Dataset content Block Start

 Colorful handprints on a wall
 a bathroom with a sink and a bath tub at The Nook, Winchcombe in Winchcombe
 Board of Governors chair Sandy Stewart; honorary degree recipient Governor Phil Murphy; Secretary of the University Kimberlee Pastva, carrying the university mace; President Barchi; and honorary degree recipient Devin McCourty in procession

Dataset content Block End
Dataset content Block Start

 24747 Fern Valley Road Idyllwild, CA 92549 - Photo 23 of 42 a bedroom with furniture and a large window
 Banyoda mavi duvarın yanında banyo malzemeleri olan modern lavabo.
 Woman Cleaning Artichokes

Dataset content Block End

- **Task to complete**
Give back, unchanged, the run of lines in the listing above that begins at the line containing "Banyoda mavi duvarın" and ends at the line containing "Woman Cleaning Artichokes", both included.

- **Response area**
 Banyoda mavi duvarın yanında banyo malzemeleri olan modern lavabo.
 Woman Cleaning Artichokes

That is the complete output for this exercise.